Jump rings make jewelry connections and making a piece of jewelry without jump rings can be difficult. The jump ring is the connector of choice in a variety of jewelry making applications.
Some of the things jump rings are used for include:
- Hanging a pendant
- Connecting a clasp to a necklace or bracelet
- Extending the length of a necklace or bracelet
Jump rings solve all of these problems and more. For something that is so important, you may not be giving choosing the right size jump ring enough thought. After all, if the connection at the jump ring is weak, it's very likely the jewelry might break or be lost forever.
Selecting the Size of Jump Rings
There are two facets to the size of a jump ring that matter:
- Diameter: how large or small the ring is measured across the shape
- Gauge: the thickness of the wire used to make the jump ring
As the size of the jump ring gets bigger (diameter increases), the thickness of the wire should increase for it to hold more weight.
For example, a 4 mm, diameter jump ring, made out of 20 gauge wire is a lightweight jump ring. A 4.5mm jump ring in 18 gauge wire is still small in size but will be considerably stronger.
To attach clasps on necklaces or clasps on bracelets, 6mm 18 gauge jump rings are a good choice. For lightweight earrings, 3.5-4mm 20 gauge jump rings are a size that works well.
Interestingly, not all vendors measure jump rings the same way. Some vendors measure jump rings by the outer diameter (OD) and others by the inner diameter (ID). Try to make sure you know which measurement is being used and be consistent buying jump rings in that size. The sizes in this article refer to the outer diameter size of the jump ring.
Selecting the Best Shape Jump Rings
Do you mean that jump rings are not all round? Jump rings aren't all round. There are plenty of other shapes of jump rings, but the two most important when using jump rings as connectors are round and oval. Oval jump rings are important when you want to make sure a cord or chain-link can't slip through the jump ring opening. By putting the opening on the side of the oval, the cord is not in contact with the gap, thus making it less likely to slip through the opening. For that reason, oval jump rings are always great to have on hand.
Selecting the Quality of Jump Rings
Not all jump rings are created equal. In general, the highest quality jump rings are those made for creating a type of jewelry called chain mail. Chain mail (also spelled maille) is adornment (it can be jewelry or armor or a headpiece) made from metal rings linked together. Since mail design depends on the jump rings, they tend to be perfectly round with the joining ends smooth and perfectly closing. The jump rings are cut with a saw, not a blade-like wire cutter. Because a blade pinches the wire, it tends to leave a slightly domed or pointed center with rough edges. This can make it hard to make the jump ring closed tightly.
Of course, if you want to be sure your jump ring will never fail, you can get closed jump rings that are soldered shut. You must thread these on to your project as you make it through.
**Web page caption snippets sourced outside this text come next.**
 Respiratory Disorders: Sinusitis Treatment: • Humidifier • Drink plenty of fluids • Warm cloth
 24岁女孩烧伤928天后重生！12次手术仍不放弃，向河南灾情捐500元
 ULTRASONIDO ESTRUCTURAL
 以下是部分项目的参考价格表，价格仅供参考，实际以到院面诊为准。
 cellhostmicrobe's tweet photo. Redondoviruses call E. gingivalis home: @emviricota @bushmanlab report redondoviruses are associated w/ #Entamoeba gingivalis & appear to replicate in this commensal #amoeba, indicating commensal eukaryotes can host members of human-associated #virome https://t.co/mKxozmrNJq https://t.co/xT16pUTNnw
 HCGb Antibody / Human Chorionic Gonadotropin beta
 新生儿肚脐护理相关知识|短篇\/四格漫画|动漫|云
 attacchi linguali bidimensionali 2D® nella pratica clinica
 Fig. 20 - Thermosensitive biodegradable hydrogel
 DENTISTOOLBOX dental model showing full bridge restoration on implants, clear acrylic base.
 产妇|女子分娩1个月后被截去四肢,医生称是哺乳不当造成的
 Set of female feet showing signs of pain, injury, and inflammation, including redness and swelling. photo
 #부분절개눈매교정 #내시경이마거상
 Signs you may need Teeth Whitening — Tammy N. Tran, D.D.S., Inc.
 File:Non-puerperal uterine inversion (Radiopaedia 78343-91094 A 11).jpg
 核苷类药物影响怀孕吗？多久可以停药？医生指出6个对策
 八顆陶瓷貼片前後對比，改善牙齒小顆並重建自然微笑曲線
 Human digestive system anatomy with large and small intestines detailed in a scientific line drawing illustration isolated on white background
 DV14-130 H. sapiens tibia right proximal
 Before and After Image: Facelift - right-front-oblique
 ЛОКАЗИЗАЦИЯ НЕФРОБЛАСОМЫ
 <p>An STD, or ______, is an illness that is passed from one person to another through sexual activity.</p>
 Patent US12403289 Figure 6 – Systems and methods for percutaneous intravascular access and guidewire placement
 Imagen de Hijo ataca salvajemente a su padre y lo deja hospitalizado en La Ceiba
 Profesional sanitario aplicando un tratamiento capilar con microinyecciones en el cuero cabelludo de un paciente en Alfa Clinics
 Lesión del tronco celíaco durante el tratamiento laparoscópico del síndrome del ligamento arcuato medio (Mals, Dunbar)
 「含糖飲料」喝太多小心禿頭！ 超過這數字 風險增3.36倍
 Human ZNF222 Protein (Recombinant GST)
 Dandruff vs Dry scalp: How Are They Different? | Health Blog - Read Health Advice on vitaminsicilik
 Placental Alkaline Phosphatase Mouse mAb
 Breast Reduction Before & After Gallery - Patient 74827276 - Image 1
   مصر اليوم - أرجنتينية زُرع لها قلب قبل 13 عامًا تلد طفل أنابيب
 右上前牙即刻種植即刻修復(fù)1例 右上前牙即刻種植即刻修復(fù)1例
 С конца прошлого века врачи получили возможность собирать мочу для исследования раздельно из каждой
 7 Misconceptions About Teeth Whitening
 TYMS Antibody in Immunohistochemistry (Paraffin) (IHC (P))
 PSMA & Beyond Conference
Another option is to use jump rings that snap closed. These are offered by a variety of manufacturers and are slightly more expensive, but they can be worth it for knowing that the jump rings will stay securely closed. A popular brand of jump rings that snap closed is called Snapeez, and you hear a snap when you have properly closed the jump ring.
Types of Wire Used in Jump Rings
Jump rings can be found in sterling silver; gold-filled, stainless steel, copper, aluminum and some other specialty metals such as niobium.
Sometimes your choice of material is obvious - as in knowing that a sterling silver charm looks and lasts best joined with a sterling silver jump ring. Other times, the color is important, but the silver-colored ring could be made of stainless steel, silver-coated copper, aluminum or any other alloys or coatings.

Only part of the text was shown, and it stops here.